From accelerated computing to cloud infrastructure, humanoid robotics, and self-driving cars, the "Magnificent Seven" stocks of Microsoft, Alphabet, Amazon, Apple, Nvidia, Meta Platforms, and Tesla are leading the artificial intelligence (AI) revolution. As a result, investors have cheered on big tech, which has led to outsize movements in these stocks -- helping fuel the S&P 500 to new record highs.

But savvy investors understand that there are many other opportunities in the AI realm outside of megacap tech. Big data analytics company Palantir Technologies (PLTR 2.16%) and cloud database developer Oracle (ORCL 0.33%) recently announced a new partnership centered around ambitions in AI.

I think this relationship has the potential to disrupt the generative AI landscape, and see it as a game-changer for both enterprises. Let's dig into how Palantir and Oracle are working together and assess if either of these stocks are good buys right now.

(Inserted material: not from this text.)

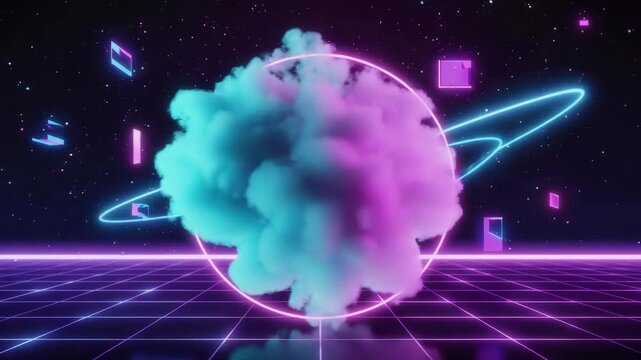 3D sci-fi neon abstract fractal multi-colored cloud orbiting dynamic neon polygon ring, glowing trails, retro grid holographic tech cyberpunk futuristic synthwave, 4K loopable animation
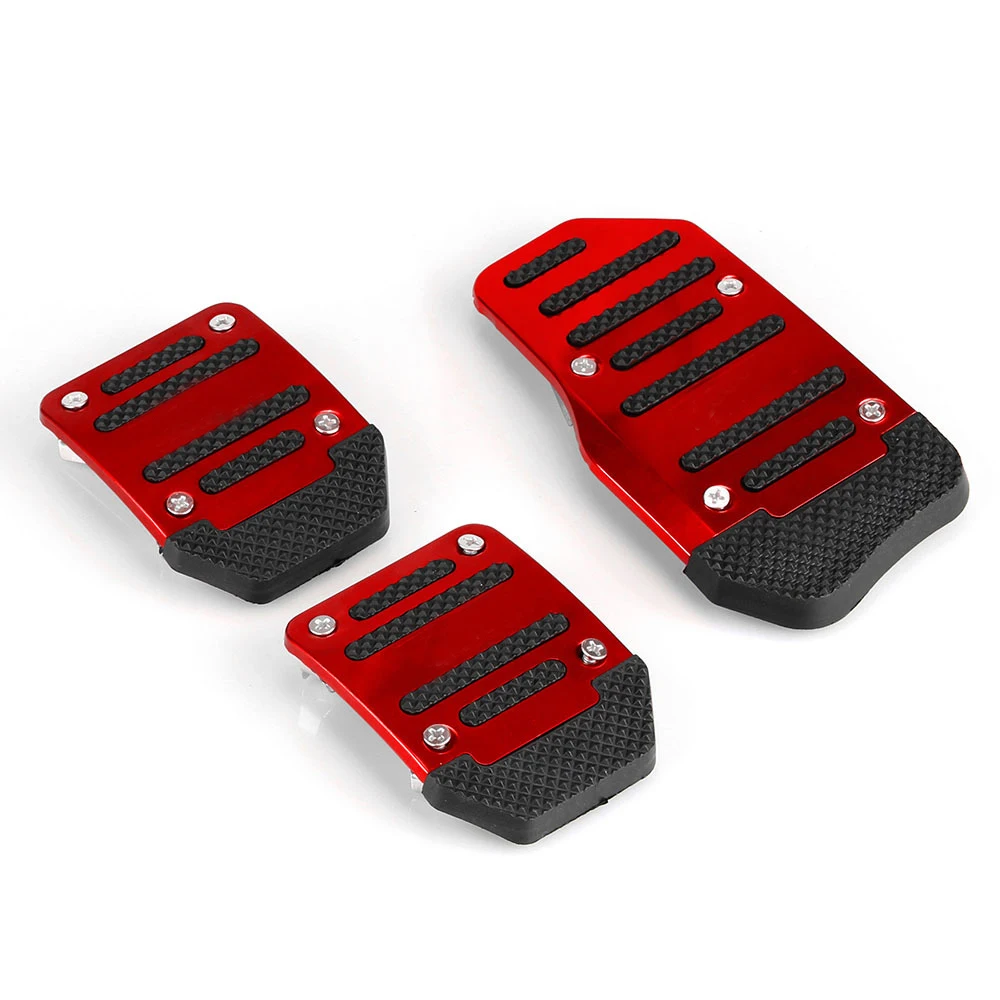 PUERXIN PVC Universal Manual Transmission 3PCS Non-Slip Car Brake Foot Pedal Pad Cover Set Kit For Cars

Coming for the "Magnificent Seven"

Indeed, the Magnificent Seven always seem to be in the spotlight when it comes to breaking news in the world of artificial intelligence. Microsoft is a major investor in OpenAI, the start-up behind ChatGPT. Meanwhile, both Amazon and Alphabet are investors in a competing generative AI platform called Anthropic.

Microsoft, Amazon, and Alphabet are all leaders in cloud computing. One of the common threads stitching together these various investments and partnerships is that big tech is relying on applications powered by ChatGPT and Anthropic to help ignite new growth opportunities in cloud infrastructure.

For this reason, it's not entirely surprising to see smaller players team up in an effort to take on big tech.

A digital cloud hovers above a map of the world.

Image source: Getty Images.

How Palantir and Oracle can benefit from each other

There are a couple of big-ticket items to explore from the deal between Palantir and Oracle.

Per the agreement, Palantir will be moving data workloads from its Foundry software platform to the Oracle Cloud Infrastructure. Moreover, Palantir will also deploy additional instances including Gotham and Artificial Intelligence Platform (AIP) to Oracle's cloud network.

This could be a big deal for Oracle. According to Statista, Microsoft, Amazon, and Alphabet account for more than two-thirds of the cloud computing market. Oracle trails its big tech counterparts by a wide margin -- accounting for only 2% market share.

With the addition of Palantir workloads moving to its platform, Oracle has a unique opportunity to gain more momentum in cloud infrastructure and compete more heavily with the likes of Microsoft, Amazon, and Alphabet.

For Palantir, I think the benefits of this relationship are more subtle. Since releasing AIP last April, Palantir has resorted to immersive seminars called "Bootcamps" to help market the product. Essentially, these events allow prospective customers to demo Palantir's software and identify a use case centered around AI.

Considering Palantir's robust customer growth last year, the Bootcamp strategy has proven successful so far. However, I think the deal with Oracle could serve as an even further source of lead generation for Palantir's customer pipeline.

By working with Oracle, Palantir has an opportunity to cross-sell to an entirely new base of customers and further its AI efforts.

Is there an investment opportunity?

Although the relationship between Oracle and Palantir is encouraging on the surface, it'll likely be a while before either company begins recognizing any significant gains from the deal. For this reason, I think pouring into either stock based on news of this deal alone is not a prudent move.

Rather, taking a look underneath the hood of each business is a better idea before making an investment decision. During Oracle's fiscal third quarter of 2024, ended Feb. 29, investors learned that the company has $80 billion in remaining performance obligations (RPO) -- up 29% year over year. Essentially, this means that Oracle has $80 billion of new business waiting to be recognized.

This is an encouraging sign because it shows that demand for cloud products is both high and spread out among many players in the industry -- not just the big three. Considering Oracle's forward price-to-earnings (P/E) multiple of roughly 21 is essentially identical to that of the S&P 500, investors may want to scoop up some shares now before the Palantir deal kicks into full gear.

On the other hand, Palantir has seen its valuation multiples become a bit stretched over the last few months. Its price-to-sales (P/S) ratio of 22.1 is higher than many other high-growth software-as-a-service (SaaS) businesses.

PLTR PS Ratio Chart

PLTR PS Ratio data by YCharts

One thing that helps Palantir stick out among the competition is its consistent profitability and positive free cash flow.

I think Palantir is entering a new phase of growth thanks to the secular themes fueling AI. Now, with Oracle by its side, Palantir looks well on its way to further penetrating both the public and private sectors.

Despite its premium valuation, I see Palantir as a compelling AI opportunity and think now is as good a time as ever to scoop up some shares.